Em princípio, por exemplo, a teoria económica tenta prescrever as melhores práticas para atingir máximo bem estar das pessoas. No caso da economia neo-clássica assume-se que esse bem estar está directamente associado à acumulação de riqueza e daí o enfoque nos PIBs e no crescimento. Além disso acreditam que quando há muita riqueza em cima ela acaba por cair para baixo, beneficando todos.

Isto revela duas falhas importantes no entendimento da natureza humana. Por um lado angustiam-nos muito mais as perdas do que satisfazem os ganhos. Logo, quem tem riqueza não encara com bons olhos políticas que conduzam à redução do que possuem. Por outro, todos os indicadores de bem-estar ao longo da história apontam para o mesmo facto. As sociedades de hoje, materialmente imensamente mais ricas que as de há 100 anos, não são em média mais felizes.

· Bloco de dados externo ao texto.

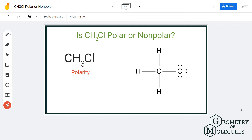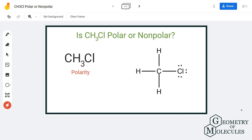Today we are going to look at the polarity of chloromethane, having a chemical formula of CH3Cl. Chloromethane is a molecule made up of three atoms: carbon, hydrogen, and chlorine. The polarity of any given molecule depends on its Lewis structure as well as the electronegativities of all the atoms involved in this structure.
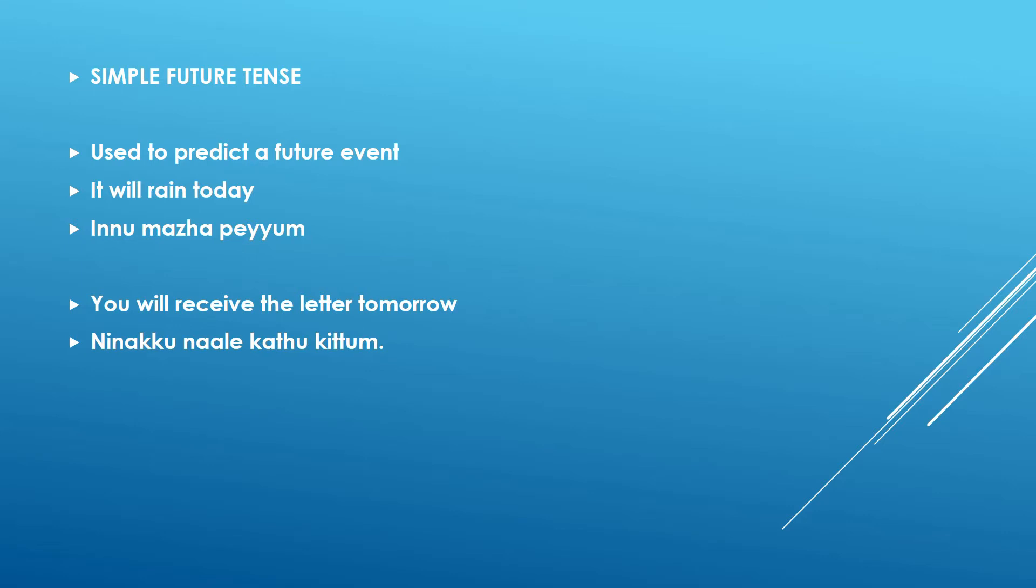The second example, you will receive the letter tomorrow. Ninakku naale kattu kittum. You know most of the words in the sentence like ninakku is you and naale is tomorrow. Kattu is letter, kittum means will receive. So you see that um at the last will denote the future simple future tense.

Isto é mais claro na esfera Anglo Saxónica, onde as sucessivas gerações são menos felizes que as anteriores. Diga-se em abono da Europa (Continental), que os primeiros 50 anos do século 20 foram maus, mas a felicidade dos Europeus aumentou consistentemente no último meio século. Efeitos da UE? Do estado social que tantos querem destruir?

De qualquer modo, um novo dado vem sobrepor-se a estas considerações. A curva de felicidade pessoal é em U. Aparentemente uma pessoa média, inicia a vida adulta num estado de euforia, afunda-se numa depressão que bate no fundo aos 45 anos, e volta a ser gradualmente mais feliz. Explicações para isto ainda não há muitas.

Muito provavelmente, suponho, é provocado pelo contraste entre expectativas e realidade. Nem a vida adulta é tão boa com pensamos aos 20, nem a velhice é tão má como pensamos aos 40.